I recently came across a post on Dev.to that listed red flags to watch out for before you hire a programmer. Though some of the points seemed reasonable, others were, at best, questionable. We will go through each point while providing reasons why these red flags are actually green flags.

Programming is only a day job

As more and more millennials join the workforce, selling your soul to a company becomes less and less of a selling point. Of course, this potential red flag assumes that programmers who are actually passionate about their craft will “Always Be Coding.”

Though the idea of a programmer toiling his free time away working on the next Facebook may seem appealing to hiring managers, finding these “gems” can’t replace the practical task of finding a competent developer. This Medium article details the hidden cost of hiring developers. The question HR has to ask is, how many man hours do we want to waste looking for the 24/7 coder?

You can argue that a programmer who spends his hours away from work pursuing hobbies like swimming, fishing, and writing will be more productive when it comes time to work.

Don’t really want to “talk shop”, even when encouraged to.

This point implies that coders who don’t talk shop aren’t skilled in their area of expertise. This is a narrow way of viewing a candidate, focusing only on the bubble of engineers. But engineers don’t code in a closet. They often have to interact with other members of the company, like UX and UI designers, technical writers, and project managers. Someone who doesn’t really want to “talk shop” may be able to communicate better with other members. The developer also may have a different method of problem solving that involves mentally removing himself from the development process to refresh his or her insight.

Learns new technologies only in company-sponsored courses

This potential red flag ignores the possibility that the developer’s learning style is suited to a sponsored classroom environment, free from the burden of having to pay for an expensive course.
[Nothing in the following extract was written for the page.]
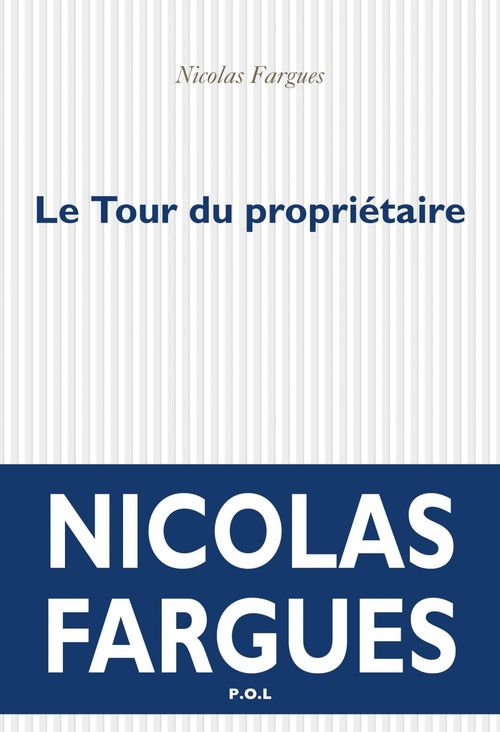 Couverture ebook de Le Tour du propriétaire, de Nicolas Fargues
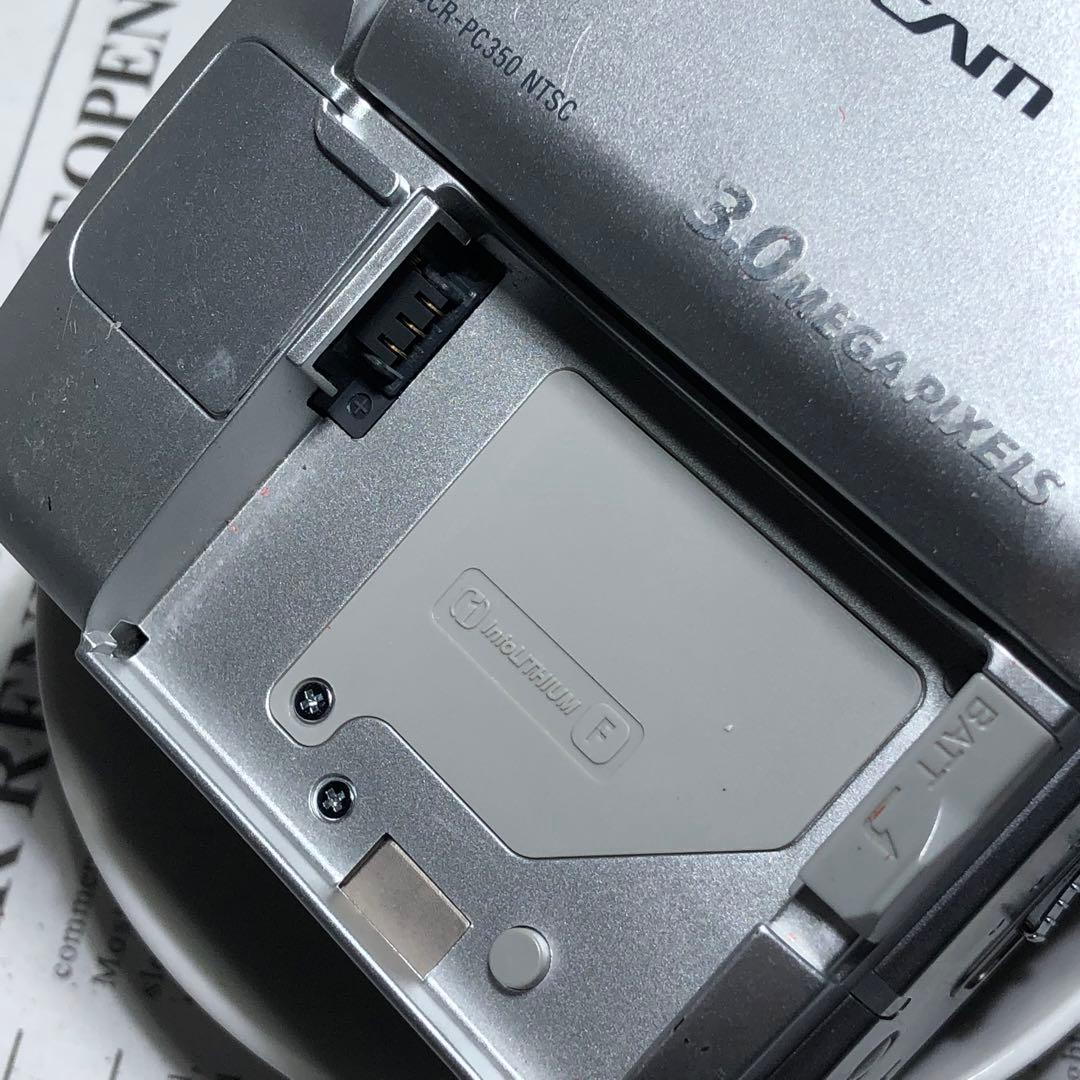 SONY DCR-PC350ビデオカメラ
Admittedly, a developer should constantly keep up with trends, but if the company is willing to foot the bill and the developer is able to learn new technologies that benefits the company, then this should be a bonus to an employer. The developer is willing to advance his career, and the employer can then market that his company is a hub for career growth. Who’s the loser here?
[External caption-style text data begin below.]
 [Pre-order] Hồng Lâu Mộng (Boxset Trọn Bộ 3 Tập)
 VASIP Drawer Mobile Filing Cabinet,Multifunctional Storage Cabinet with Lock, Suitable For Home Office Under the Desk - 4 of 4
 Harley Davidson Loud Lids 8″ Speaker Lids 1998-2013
Started programming at university

This was one of the most questionable red flags. I doubt a Hiring Manager will ever care about when you started the skill they’re looking for. They usually want to know how much years of experience you have and how that reflects in whatever projects you may have in your portfolio.

Like the first red flag, this red flag assumes that child prodigies are readily available. Sure, someone who started coding at thirteen would have a better Tell Me About Yourself  answer than someone who learned to print “Hello World” to a console in her Computer Science 101 class. Still, if the developer has grasped the relevant languages needed to succeed on the job during her four years, this should be a plus on his resume. It shows that she’s a quick learner.

All programming experience is on the CV

This red flag would make sense for a developer with 20+ years of experience. But with many engineering roles demanding 5-10 years of experience with a certain technology stack, a developer who lists all of their experience would save you the trouble of having to pry that information out of them. The true red flag would be experience where the developer’s role does not include detailed, actionable responsibilities.

Focused mainly on one or two technology stacks (e.g. everything to do with developing a java application), with no experience outside of it.

One of the most baffling aspects of the recruiting process is the regurgitation of every technology stack known to man on a job board. The idea is to attract as many prospects as possible, of course. But, ideally, you want a developer to be an expert at at least one stack. That’s what you’re hiring them for.

Specialization is becoming more and more necessary in the field of IT as products become increasingly complex. The notion of a polyglot is akin to Silicon Valley’s unicorns. They are few and far in between.  It’s better to be an iOS expert than a general app developer who can’t delve into the nuances of both Android and iOS.

Conclusion

What we should take away from these red flags is that the hiring process can be highly subjective. Some companies love white boarding while others prefer to highlight soft skills in the recruitment process. Some may take non CS degrees, others may shun them. Some value experience, while others value raw talent. Oftentimes, developers aren’t one-dimensional–you can’t place them in a color coded box. There is no perfect candidate.